The highest honour for teaching at U of T recognizes her contribution to innovation and excellence.
In June 2018, associate professor Jennifer Murdock was awarded the highest honour for teaching bestowed by the University of Toronto, the President’s Teaching Award (PTA), which recognizes faculty who have demonstrated a substantial commitment to teaching innovation and excellence. As a recipient, Murdock is designated by U of T as a member of the Teaching Academy for a five-year period, and will then be eligible for re-nomination. She receives an open grant of $10,000 for each of the five years of the appointment, to support her research and teaching activities.
About the Academy
Members of the Teaching Academy advise the Vice-President & Provost and the Director of the Centre for Teaching Support & Innovation (CTSI), assist in teaching assessment when required, and are advocates for excellence in teaching at the University and beyond. Academy members may be requested to deliver one public lecture each year on a subject of their choice, or to give a convocation address or speak at other events.
About Jennifer Murdock
Professor Murdock earned her PhD in Economics from Yale in 2002 and joined the department as a teaching-stream faculty member in 2004. She has previously been awarded the Faculty of Arts & Science Outstanding Teaching Award (2014), the Dean’s Excellence Award (2010, 2013, 2014, 2015, 2016 and 2017) and the Dean’s Small Group Award (2007, 2008, 2010, 2013, 2015, 2016 and 2017). She teaches and coordinates ECO 220, the multiple-section, large-enrolment, and program-required undergraduate quantitative methods course and an elective, ECO 410, that draws heavily on her competition policy experience. At the graduate level, Murdock mentors and trains 10-12 graduate student teaching assistants each year.
Her teaching philosophy centres on maximizing learning by explicitly incentivizing students’ sustained best efforts and directing those efforts towards authentic applications that she pairs with original course materials to support learning. She led the reimagining and restructuring of teaching stream recruiting in economics, building the collegial and rigorous search framework upon which the department now relies, regularly engages in professional development and disseminates her teaching expertise via presentations, workshops, reports, and one-on-one mentoring.
The nomination
In nominating Murdock for this PTA, fellow faculty members remarked on her excellence being evident in her course coordination, organization and design, in addition to students regularly commenting on “her passion, enthusiasm for teaching and the material, and the support she provides for their learning. While students acknowledge the complexity of the material that Jennifer teaches, words like ‘phenomenal’, ‘awesome’, ‘amazing’, and ‘fantastic’ are commonplace throughout her evaluations – a testament to her exceptional teaching and ability to further her students’ learning experience.”

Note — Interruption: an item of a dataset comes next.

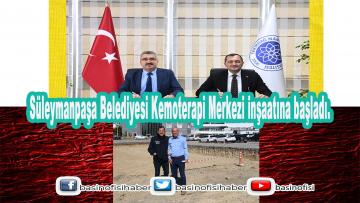 Süleymanpaşa Belediyesi Kemoterapi Merkezi inşaatına başladı…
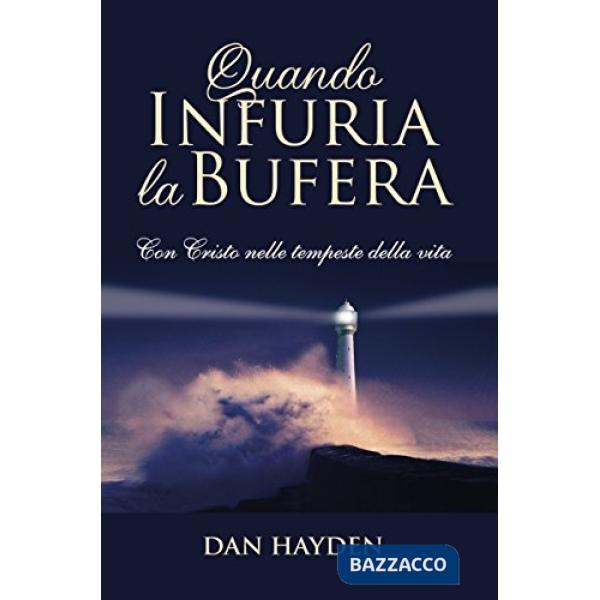 Quando infuria la bufera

Murdock was also integral to the departmental effort that resulted in the establishment of the Economics Study Centre, where academically successful third and fourth year students mentor first and second year students who are having difficulties with our courses. Drawing on her own experience working as a peer mentor when she was an undergraduate, she was an important element in the conceptualization and implementation of our study centre, working in close collaboration with the chair at the time (Arthur Hosios), faculty members and administrative staff.
Very much instrumental in implementing more intensive writing assignments into our economics courses, Murdock has worked to build writing into her courses through a range of assignments. The increased attention to writing across the economics curriculum has been critical: as Murdock notes, “Economists write and write often”.
In her own words
On being closely involved in teaching stream recruiting:
- “Hands down, nothing affects our students’ learning more than the professors leading their courses.”
Considering perspective in curricular redesign and enhancement
- “As professors, we experience our undergraduate programs differently from our students: they take nearly 40 courses while we teach at most a few of them. Time spent zooming out from our own courses and thinking about curricular coherence and depth is well spent.”
Keeping it real:
- “Interesting and authentic materials can single-handedly cultivate intrinsic motivation for some students. For all students, requiring time and attention on course materials capitalizes on the human tendency to like and to be interested in the familiar. Some initially reluctant students even surprise themselves by deciding to take further econometrics or to pursue a career in competition policy.”
The social side of learning:
- “To maximize learning output, I stimulate positive peer effects. Graded class participation prompts face-to- face interactions among peers, which is especially important at U of T where most students live off campus.”
Teaching is learning, too:
- “Graded work provides corrective experiences not only for students but also for me. The primary means to reflect on my teaching effectiveness is how well students do on graded work. Looking directly at what students have learned invariably prompts at least some sober reflection on how I can support and incentivize them to learn more. … Assessing students’ work directly, quantitatively analyzing marks, and reviewing survey/interview results highlight not only triumphs, but also challenges. Students’ work provides particularly potent corrective experiences for me. Fortunately, I love the challenging and creative task of doing better and I always bounce back and look forward to the coming academic year with enthusiasm.”